Detailed Description

-ffat-lto-objects was added to the default LTO flags to ensure that any installed .o/.a files included actual compiled code rather than just LTO bytecodes (which are stripped after the install phase). However, that is wasteful from a compile-time standpoint as few packages actually install any .o/.a files.

This proposal would remove -ffat-lto-objects from the default LTO flags and packages that actually need the option would have to opt-in via an RPM macro in their .spec file. This should significantly improve build times for most packages in Fedora.

To ensure that we can identify packages that need the opt-in now and in the future, the plan is to pass to brp-strip-lto a flag indicating whether or not the package has opted into -ffat-lto-objects. If brp-strip-lto finds .o/.a files, but the package has not opted into -ffat-lto-objects, then brp-strip-lto would signal an error.

Feedback

Benefit to Fedora

The key benefit to Fedora is improved package build times and lower load on the builders.

Scope

  • Proposal owners: The feature owner (Jeff Law) will need to settle on a suitable RPM macro to indicate an opt-in to -ffat-lto-objects, implement the necessary tests in brp-strip-lto and opt-in the initial set of packages. This will be accomplished by doing the prototype implementation locally, building all the Fedora packages to generate the opt-in set. Committing the necessary opt-ins, then committing the necessary changes to the RPM macros.


  • Other developers:

There should be minimal work for other developers. The most likely scenarios where other developers will need to get involved would include:

  1. Packages which are excluded from x86_64 builds and which need the opt-in will need the appropriate package owners to add the opt-in.
  2. Packages which are FTBFS when the builds are run to find the set of packages that need to opt-in and which need to opt-in will need packager attention.
  3. It is possible that the faster builds may trigger build failures in packages that have missing dependencies in their Makefiles. We saw a few of these during the initial LTO work and those packages were either fixed or -j parallelism removed. This work may expose more of these problems.

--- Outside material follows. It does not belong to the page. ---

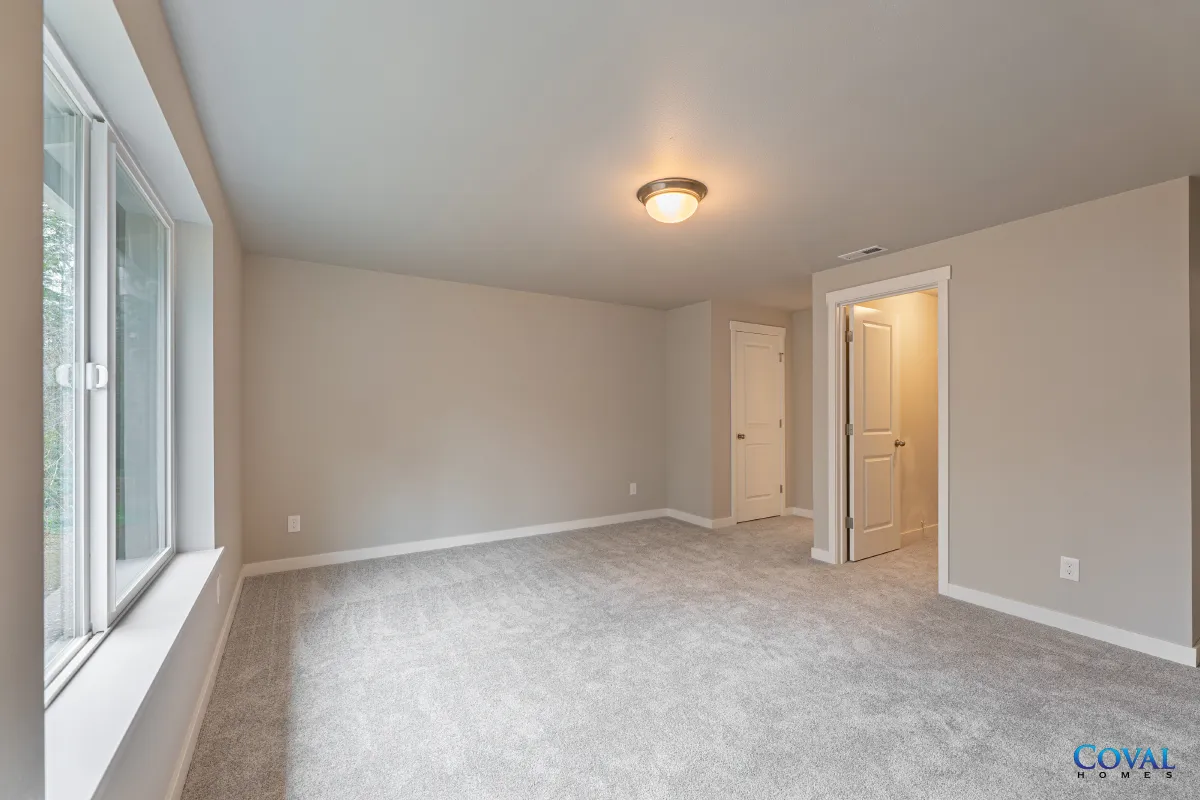 Empty carpeted bedroom with beige walls, large window, closet, and ceiling light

I expect these all to be relatively rare occurences, but with 9000+ packages in Fedora I wouldn't be surprised if we see a few of each of these issues.


  • Release engineering: #9934 (a check of an impact with Release Engineering is needed)

This should have no release engineering impacts.

  • Policies and guidelines:

The new macro will be a requirement for packages that install .o/.a files. So the packaging guidelines will need to be updated to clearly indicate that -static packages and more generally any package that installs a .o/.a file will need to use the new macro.

  • Trademark approval: N/A (not needed for this Change)
  • Alignment with Objectives:

This proposal does not align with any current Fedora Objectives.

Upgrade/compatibility impact

This change should have zero impact on upgrade/compatibility. In fact, the change should have no user visible impacts.


How To Test

No special testing is needed. Any issues with this proposal will show up as FTBFS issues.


User Experience

Users should see no changes to the user experience.

Dependencies

Packages which need to opt-in to -ffat-lto-objects will need their .spec files updated to include the new macro.


Contingency Plan

If this can not be completed by final development freeze, then the RPM macro changes would not be installed and the change could defer to Fedora 35.

  • Contingency mechanism: Proposal owner will only commit the RPM macro changes once the opt-in package set has been identified and opt-ins added to those package's spec files. So no special contingency mechanism should be needed
  • Contingency deadline: It is most beneficial to have this completed before the mass rebuild; however, the drop dead date should be beta freeze.
  • Blocks release? No
  • Blocks product? No

Documentation

No upstream documentation. Packaging guidelines will need a minor update.

Release Notes

I do not expect this change to require any release notes.